(PROVIDED DATA)
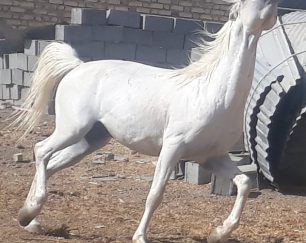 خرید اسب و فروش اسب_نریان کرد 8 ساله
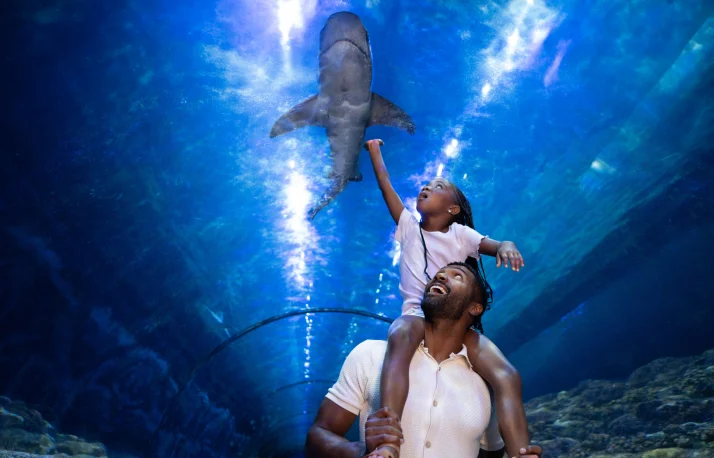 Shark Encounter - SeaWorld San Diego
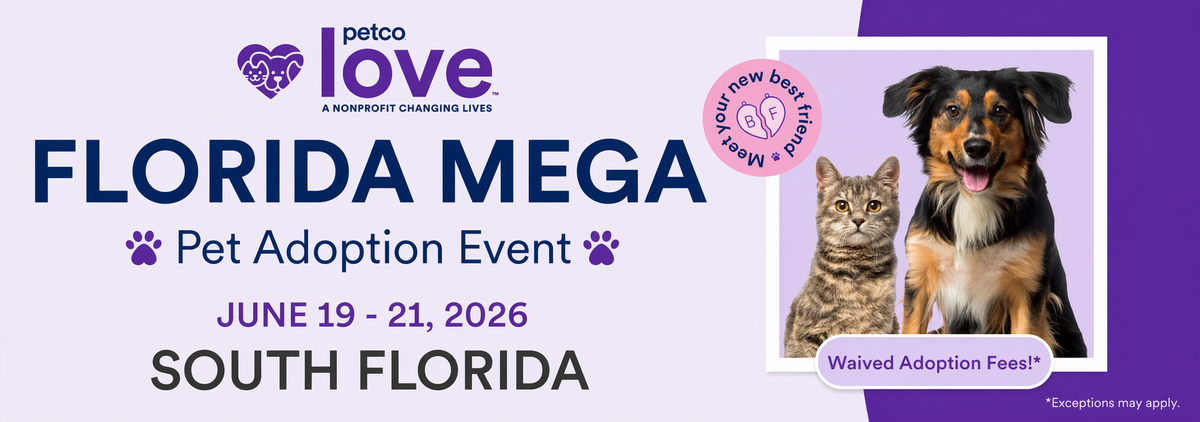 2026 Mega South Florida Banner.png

...

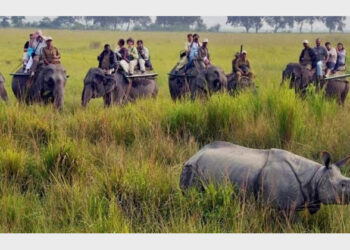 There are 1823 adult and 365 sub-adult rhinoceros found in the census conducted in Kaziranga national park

==

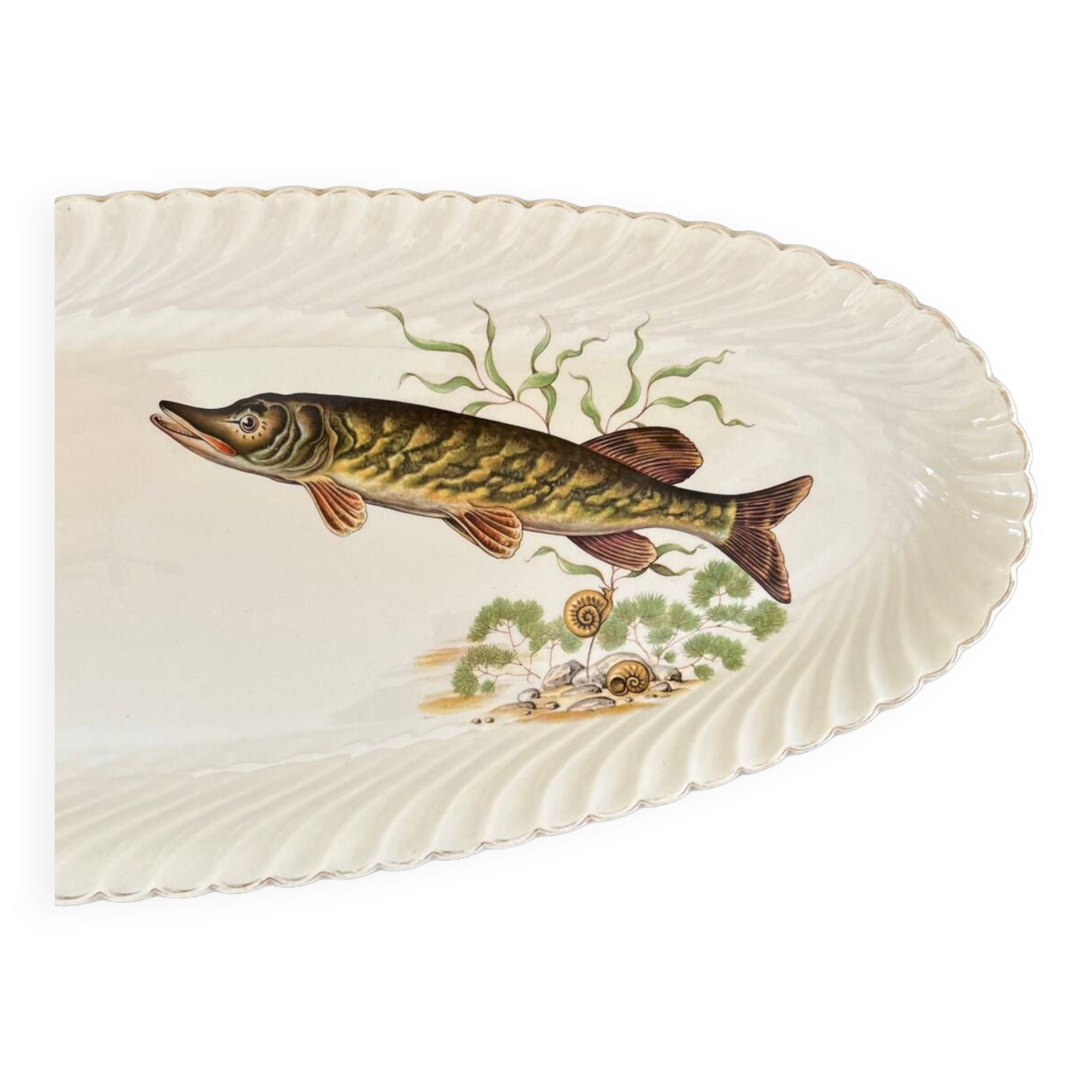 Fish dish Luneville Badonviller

(TASK OBJECTIVE) Starting at the line containing "خرید اسب و فروش اسب_نریان کرد 8 ساله" and stopping at the line containing "2026 Mega South Florida Banner.png", output every line above exactly, both ends included, with pictures omitted.

(ANSWER AREA)
 خرید اسب و فروش اسب_نریان کرد 8 ساله
 Shark Encounter - SeaWorld San Diego
 2026 Mega South Florida Banner.png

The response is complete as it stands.